Ever since Seinfeld went off the air, you have been utterly and completely incapable of creating a decent sitcom. Look at your recent attempts. Good Morning Miami? Whoopi? Coupling? All horrible, horrible shows.

And then, you manage to put Happy Family on the air. Possibly the most mean spirited, misanthropic, spiteful, bitter sitcom on one of the Big 4 networks since... well, since Seinfeld. In short, it was the best sitcom of the season.

Perhaps you've already forgotten the premise of the show. Middle aged couple (played by the wonderfully cynical pair of John Larroquette and Christine Baranski) have three allegedly adult children, none of whom show any interest in actually moving on with their lives. The oldest works for his father and has recently called off his marriage. The middle (played by everyone's favorite Glad spokeswoman and Joyce DeWitt impersonator, Melanie Paxson) insists on coming by the house regularly, while the youngest, having failed out of college, has taken up with the recently divorced, forty-something neighbor. Yeah, I know the setup was a little cumbersome and audiences apparently didn't want to see a movie about a generally creepy April-August relationship, but it allowed for a wonderful wellspring of hostility on the show.

Take the fifth episode, in which Tim, the youngest son, manages to actually get a job scooping frozen yogurt, much to the pride of his parents. His parents question why they are so pleased with Tim's modest success and conclude that, not only do they apparently think their son is an idiot, but that they probably think this because he is, in fact, an idiot. Significantly more hostility than you usually get in a family sitcom.

Of course, the powers that be (which is to say "you") couldn't let this be, presumably because noone was watching the show. Let's get rid of the middle aged love interest, you said. Let's bring in a sassy dental assistant for the oldest son to banter with, you said. Let's generally emasculate the show and hope that what America wants, more than anything, is another bland, forgettable sitcom, you said.
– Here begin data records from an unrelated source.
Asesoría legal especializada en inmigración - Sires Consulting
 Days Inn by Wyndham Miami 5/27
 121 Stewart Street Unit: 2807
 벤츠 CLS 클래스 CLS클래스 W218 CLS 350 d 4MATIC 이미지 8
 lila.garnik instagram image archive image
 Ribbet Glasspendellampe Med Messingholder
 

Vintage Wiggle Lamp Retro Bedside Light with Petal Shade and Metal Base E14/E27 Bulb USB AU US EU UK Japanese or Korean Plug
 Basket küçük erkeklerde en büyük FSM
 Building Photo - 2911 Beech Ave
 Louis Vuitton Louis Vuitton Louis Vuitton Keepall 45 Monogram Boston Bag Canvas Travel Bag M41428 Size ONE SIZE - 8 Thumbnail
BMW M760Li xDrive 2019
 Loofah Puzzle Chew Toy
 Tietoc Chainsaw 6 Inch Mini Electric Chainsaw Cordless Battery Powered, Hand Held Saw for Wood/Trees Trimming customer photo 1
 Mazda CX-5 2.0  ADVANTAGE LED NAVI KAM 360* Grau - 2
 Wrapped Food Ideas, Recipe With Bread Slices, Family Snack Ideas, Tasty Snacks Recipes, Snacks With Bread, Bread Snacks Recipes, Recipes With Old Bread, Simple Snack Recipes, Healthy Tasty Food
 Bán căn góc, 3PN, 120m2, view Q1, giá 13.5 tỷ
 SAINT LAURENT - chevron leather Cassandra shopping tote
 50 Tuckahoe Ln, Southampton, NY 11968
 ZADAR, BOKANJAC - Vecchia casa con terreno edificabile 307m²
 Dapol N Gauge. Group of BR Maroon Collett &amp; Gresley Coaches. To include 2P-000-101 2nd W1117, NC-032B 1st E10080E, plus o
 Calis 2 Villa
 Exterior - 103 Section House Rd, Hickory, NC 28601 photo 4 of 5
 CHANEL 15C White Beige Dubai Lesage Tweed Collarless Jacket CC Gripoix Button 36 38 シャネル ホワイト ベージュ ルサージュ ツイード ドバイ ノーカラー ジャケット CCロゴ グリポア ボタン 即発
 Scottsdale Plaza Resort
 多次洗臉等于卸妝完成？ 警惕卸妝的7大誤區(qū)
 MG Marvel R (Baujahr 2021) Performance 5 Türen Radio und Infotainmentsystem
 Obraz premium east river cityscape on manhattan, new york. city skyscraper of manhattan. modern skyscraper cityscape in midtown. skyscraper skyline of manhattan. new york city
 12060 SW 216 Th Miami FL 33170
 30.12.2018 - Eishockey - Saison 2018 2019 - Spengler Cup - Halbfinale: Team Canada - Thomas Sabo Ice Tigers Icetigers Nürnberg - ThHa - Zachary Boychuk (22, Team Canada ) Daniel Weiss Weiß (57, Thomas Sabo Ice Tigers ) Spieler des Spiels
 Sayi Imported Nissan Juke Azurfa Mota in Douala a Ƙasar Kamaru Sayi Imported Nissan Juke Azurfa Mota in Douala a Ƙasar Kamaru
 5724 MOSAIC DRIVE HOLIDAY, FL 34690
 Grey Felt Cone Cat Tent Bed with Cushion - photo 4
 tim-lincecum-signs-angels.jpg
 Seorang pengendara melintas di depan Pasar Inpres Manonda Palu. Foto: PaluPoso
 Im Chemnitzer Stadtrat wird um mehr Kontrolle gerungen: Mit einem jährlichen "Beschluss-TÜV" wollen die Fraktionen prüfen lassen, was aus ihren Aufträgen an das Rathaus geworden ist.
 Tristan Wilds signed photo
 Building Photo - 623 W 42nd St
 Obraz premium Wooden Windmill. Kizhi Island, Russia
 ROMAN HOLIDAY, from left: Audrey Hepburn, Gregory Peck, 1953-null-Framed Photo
Which is why I feel the need to resort to profanity (as well as sentence fragments). You see, I like to think that my friends and family place some trust in my recommendations. When I take the time to recommend a new show, I like to think that my word means something. If, however, the network decides to undergo a massive retooling of the show in between the time of my recommendation and when people actually get around to watching the show, my word is worthless. My friends and family watch the new, bland Happy Family and say, "Huh?"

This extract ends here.